Some background on this case: Shelburne, Vermont, has around seven thousand residents and sits on the shores of Lake Champlain. Tourism is a major industry. There are thriving breweries, vineyards, and even a teddy bear factory. In late 2015, community members felt that the pastoral calm of the town was disturbed when Vermont Railway purchased land to construct a very large—able to store 80,000 tons of road salt— rail-to-truck transloading facility.

The court record demonstrates that Shelburne’s government opposed these operations from their outset. Vermont Railway initially filed federal litigation to halt the transloading facilities based on the town’s zoning code. That litigation failed after a Vermont federal district court held that the planned transloading facility’s activities constituted “transportation by rail carrier,” as that term is used in the ICCTA. But the court left a window open for Shelburne, stating that it “reserve[d] judgment on the question of whether the ICCTA preempts other zoning regulations derived from the town’s police powers that relate to the operation of the Railway’s proposed facility.” The court indicated that the town could review individual regulations to assess whether they fell within the police powers exemption to exclusive ICCTA jurisdiction.

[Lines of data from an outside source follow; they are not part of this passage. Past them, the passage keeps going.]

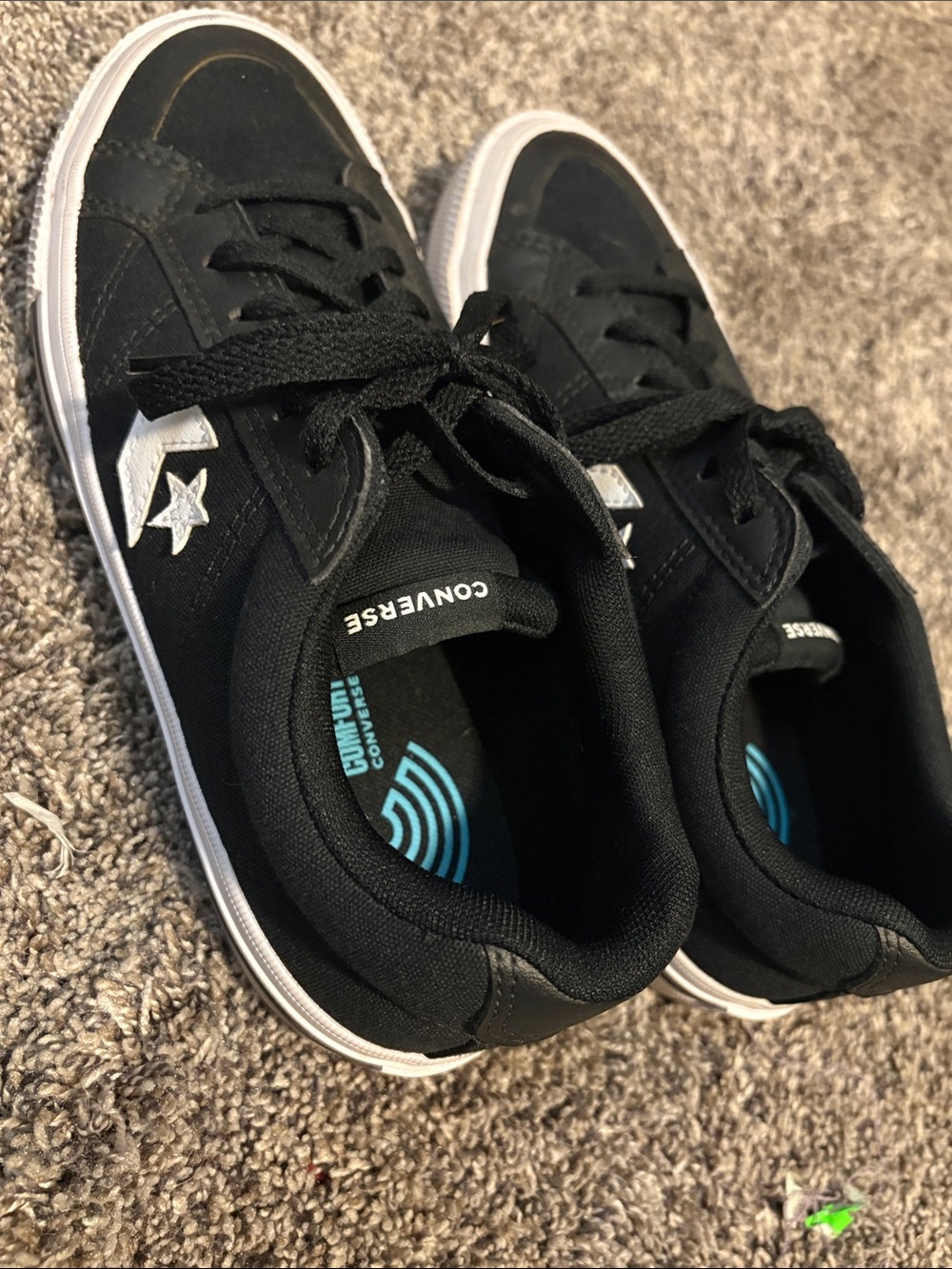 Converse Men’s Black Low-Top Sneakers with White Star Accent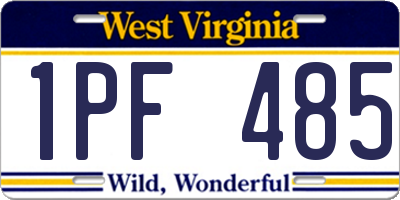 WV license plate 1PF485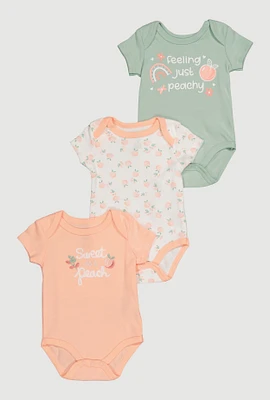 Baby Girls 0-9M Peach Graphic Print Bodysuits 3 Pack, Multi,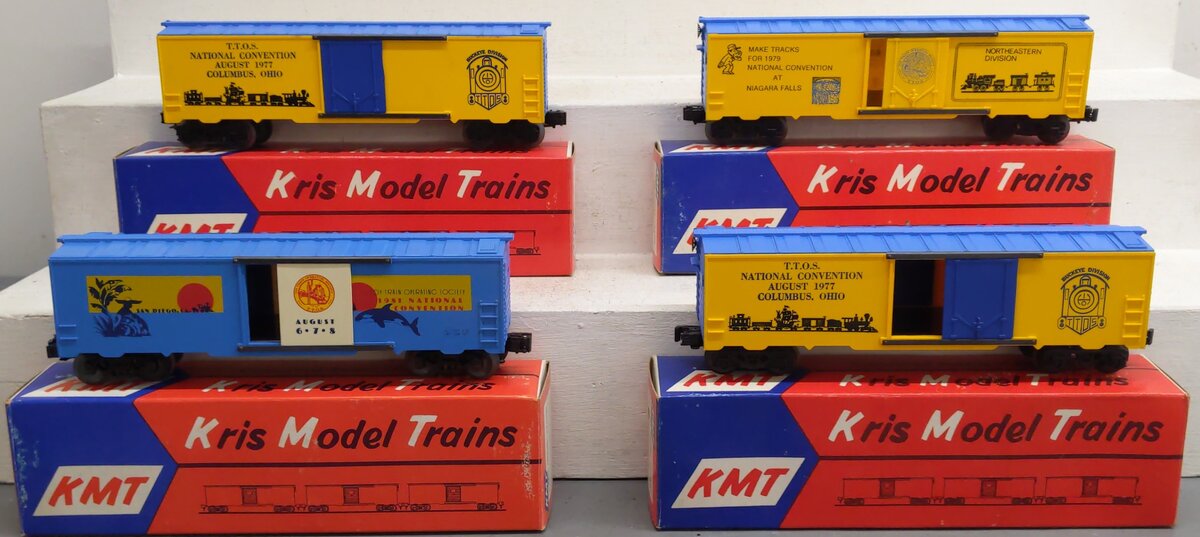 KMT O Gauge Toy Train Operating Society Boxcars #1981,1977,1977,1979 [4] VG/Box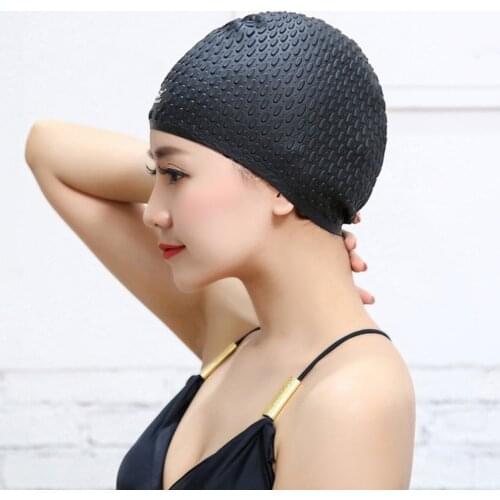 Silicone Swimming Cap Unisex Flexible Waterproof Adult Waterdrop Swimming Head Cover Protect Ear Swim Caps Pool Bath Cap Badmuts
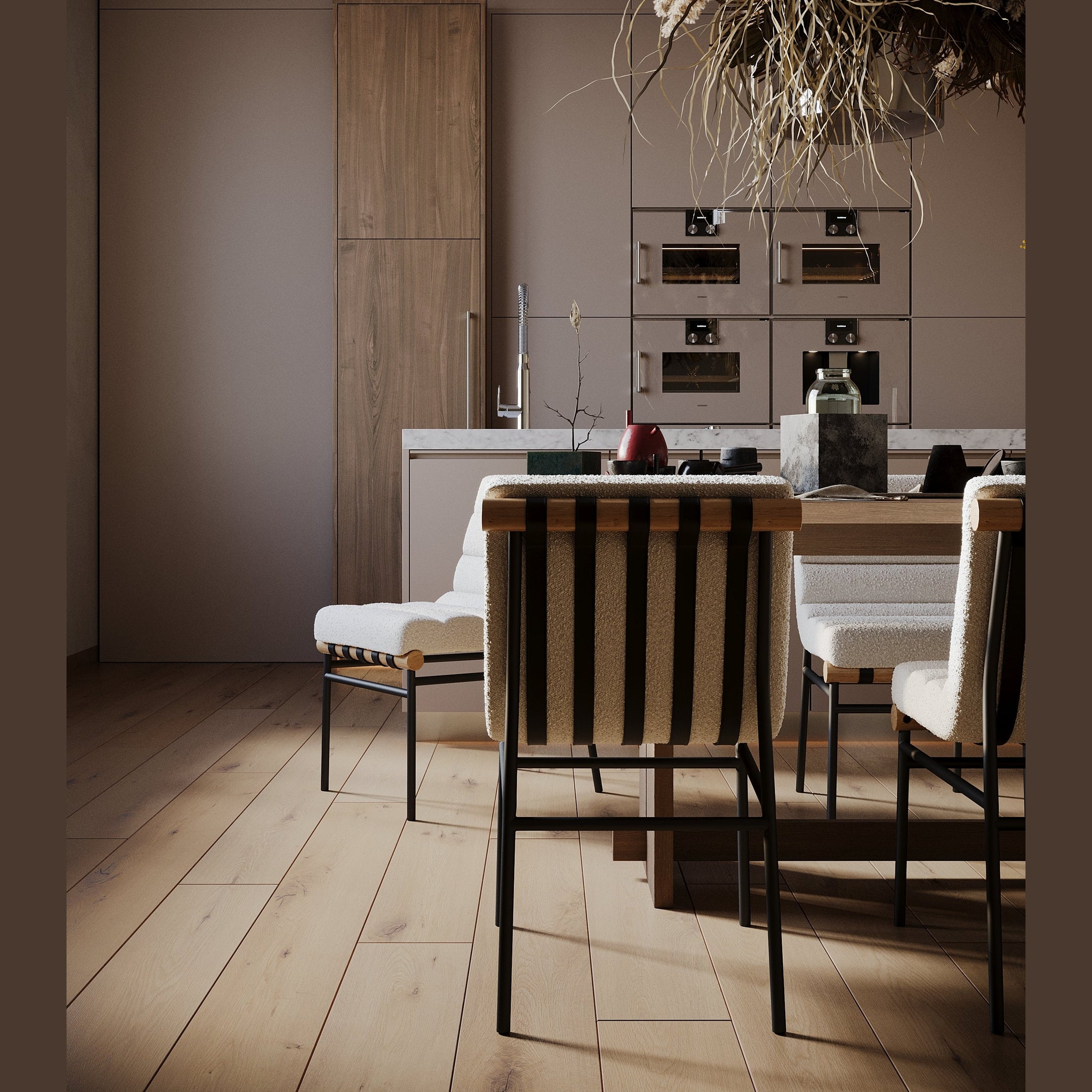 Ryna Boucle Fabric Dining Chair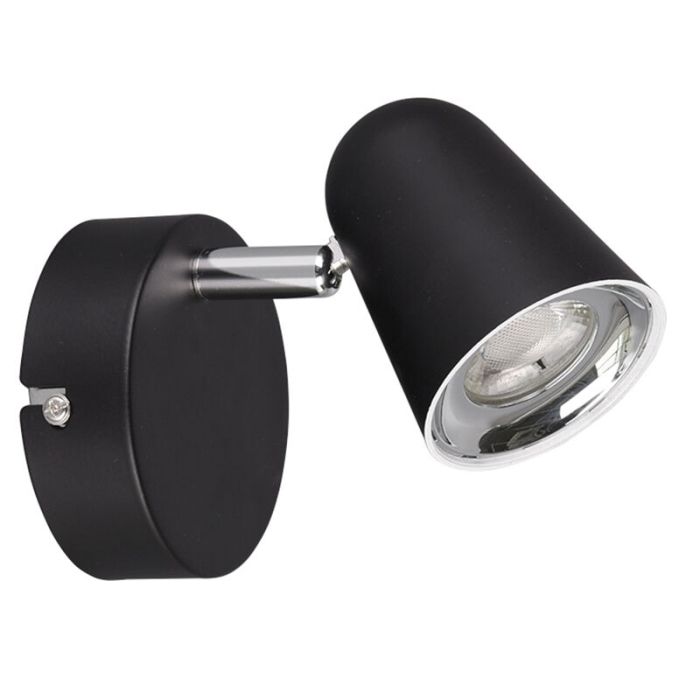 Svart väggspotlight modern, Taj, 3W, 3000K LED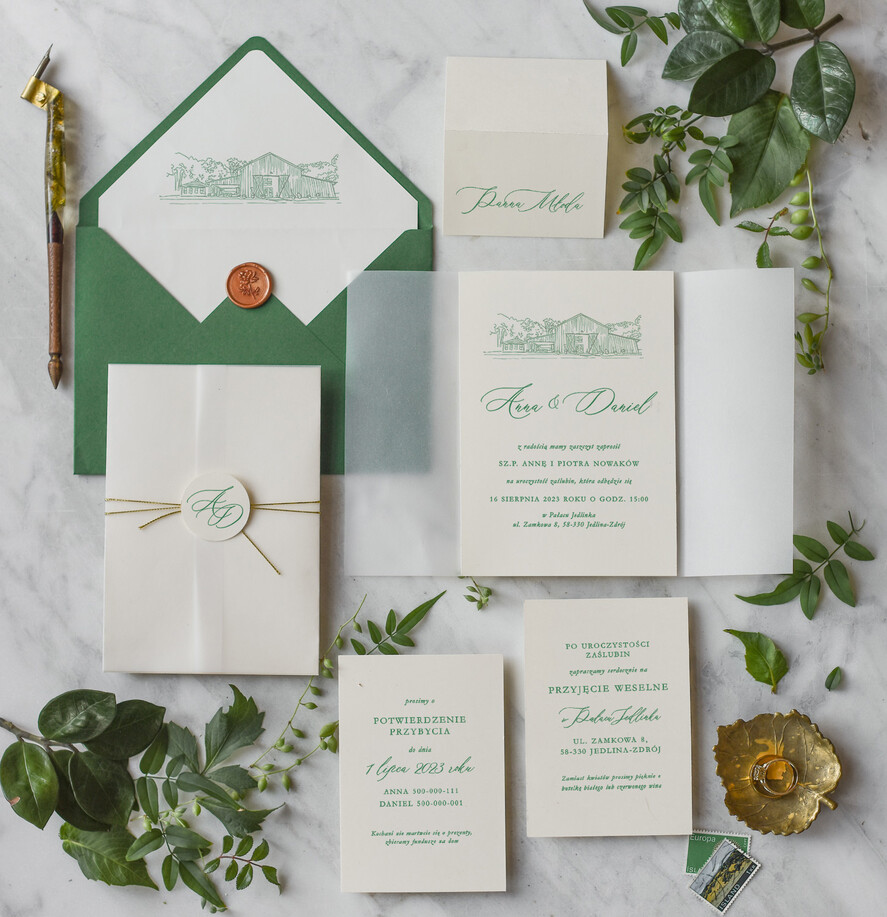 Zaproszenia ślubne Minimalistyczne Proste Zaproszenia Ślubne Minimalistyczne Zaproszenia na Ślub Twoje Miejsce szkicowane Zaproszenie Ślubne Zielone0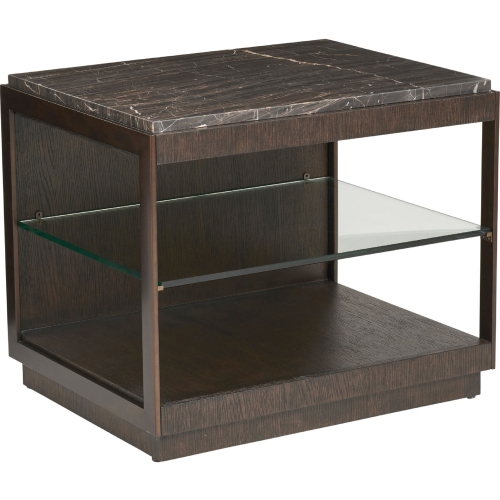 Summit End Table in Alpine Marble, Wood, Bronze & Glass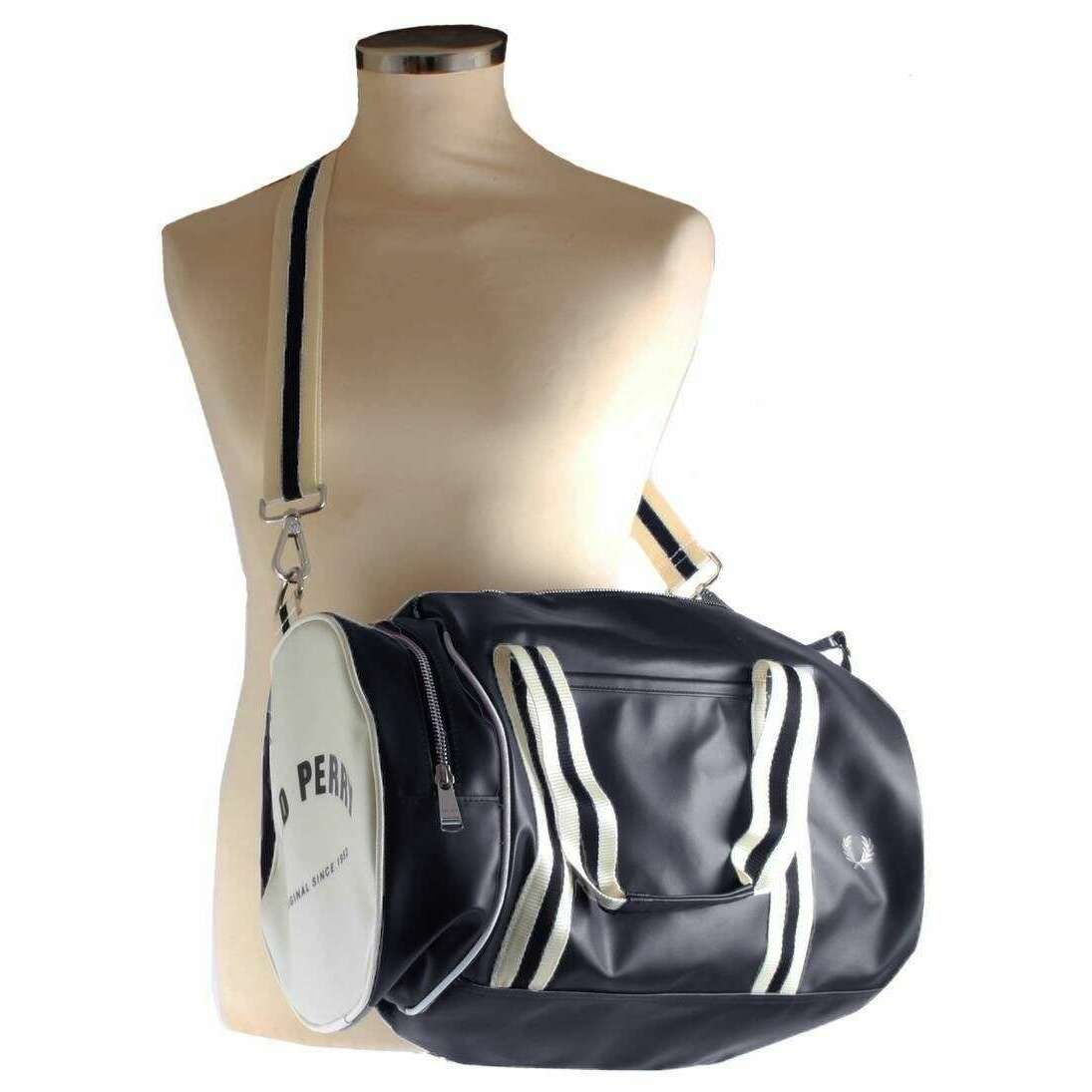 Fred Perry Classic Barrel Bag - Navy/Ecru Cream - Image 6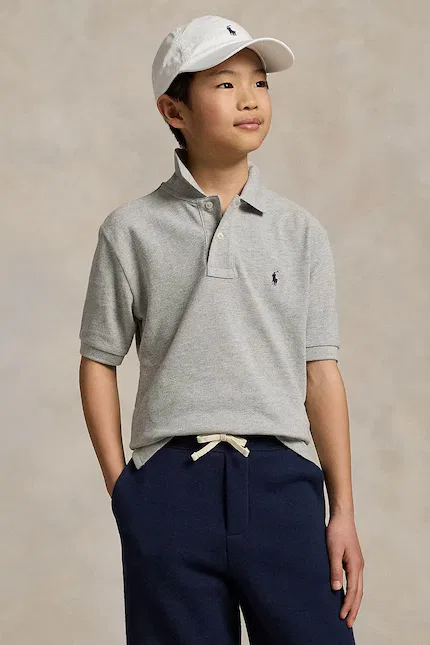Поло детское хлопковое Polo Ralph Lauren, серый
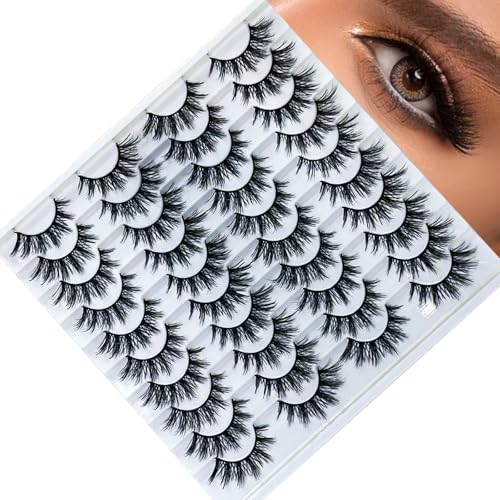 20 Pairs 5D Wispy Cat Eye Faux Mink False Eyelashes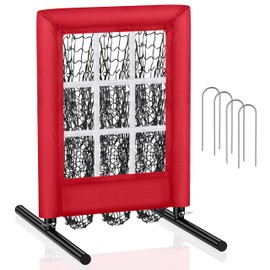 Heavy-Duty 9 Hole Baseball Pitching Net with Pitching Target Pockets, Regulation Size Strike Zone, Portable Adjustable Height Pitcher Training Equipment for Baseball/Softball Practice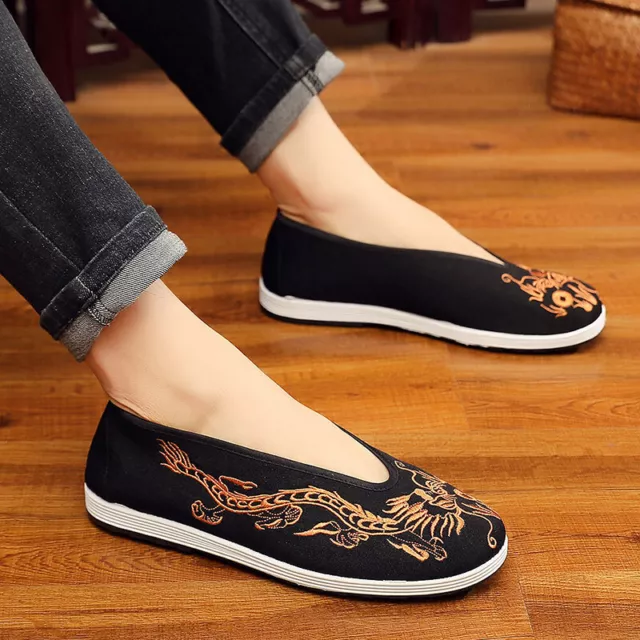 Mens Chinese Shoes Slip On Loafers Dragon Embroidery Tai Chi Martial Arts Retro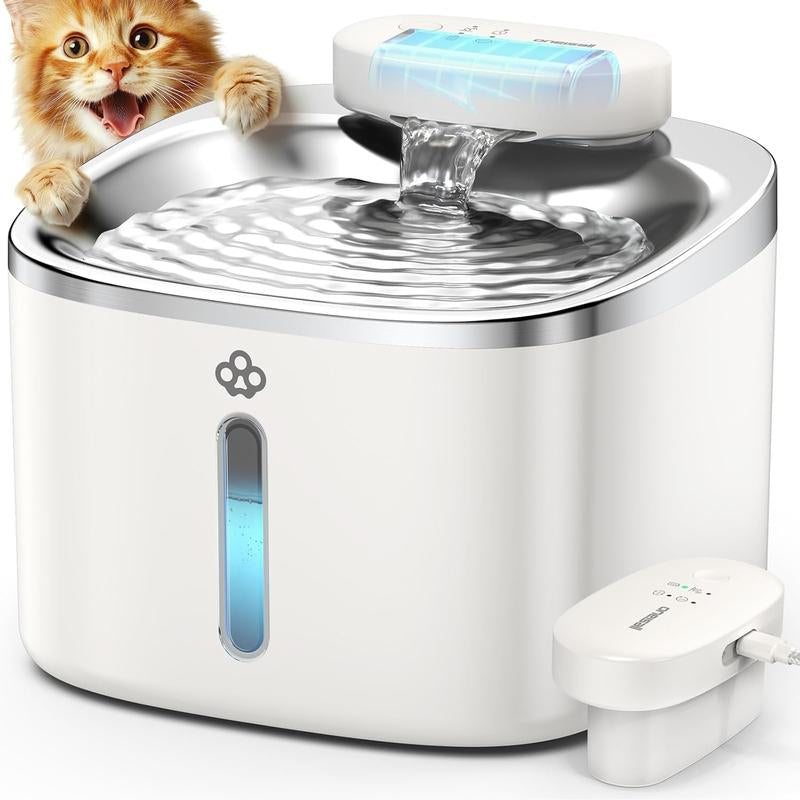 Oneisall Wireless Cat Water Fountain, Stainless Steel, 3.5L/118Oz Automatic Cat Water Fountain Cordless & Rechargeable with Motion Sensor and Low Noise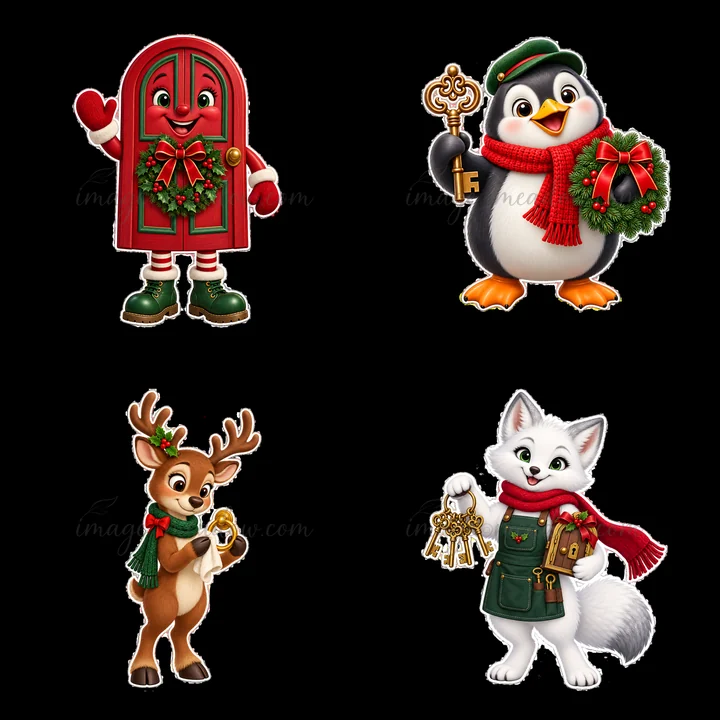 Four cartoon characters represent the Christmas theme. A red door smiles with wreath. A penguin holds a garland. A reindeer carries a key. A fox displays keys,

After the decision, the town likely determined that its existing “police powers” were too limited to halt Vermont Railway’s operations. So, within months after the court’s initial decision, the town passed an ordinance that it contended fell within ICCTA’s police powers exception. The ordinance prohibits the storage of substances above certain quantities within 250 meters of a school or waterway, including prohibiting 550 tons of sodium chloride, also known as road salt. After a Vermont district court again found the ordinance preempted and issued an injunction permanently enjoining its enforcement, the Town of Shelburne appealed to the Second Circuit.

The Second Circuit agreed with the district court that the police powers exception did not apply. Its analysis focused on two of the factors the town used to establish the scope of regulation in its ordinance, which were the quantity of materials stored and the proximity of the storage facility to schools or waterbodies:

  • Quantity of Materials Stored: The town’s ordinance used the quantity of materials stored as a trigger mechanism for local regulation. When the court reviewed the ordinance, the court noted that the town’s pre-existing facility held 550 tons of sodium chloride; Vermont Railway’s facility held 80,000 tons. The ordinance sought to use the town’s facility as a cap. The Second Circuit held that doing this targeted future development and brought the ordinance outside of the town’s permissible ICCTA police powers.
  • Proximity to Schools or Waterways: The ordinance precluded relevant storage facilities from being located within 250 meters of a school or waterway. Waterways are generally regulated by other statutes, most notably the federal Clean Water Act. The Second Circuit noted both that Vermont Railway’s facility was operating under appropriate federal CWA permits and also that there was nothing particularly hazardous about the storage of road salt in contrast to the use of road salt for the purpose of de-icing roads, driveways, and sidewalks which the ordinance permitted. Accordingly, the town failed to demonstrate that its ordinance fell within ICCTA’s police powers exception.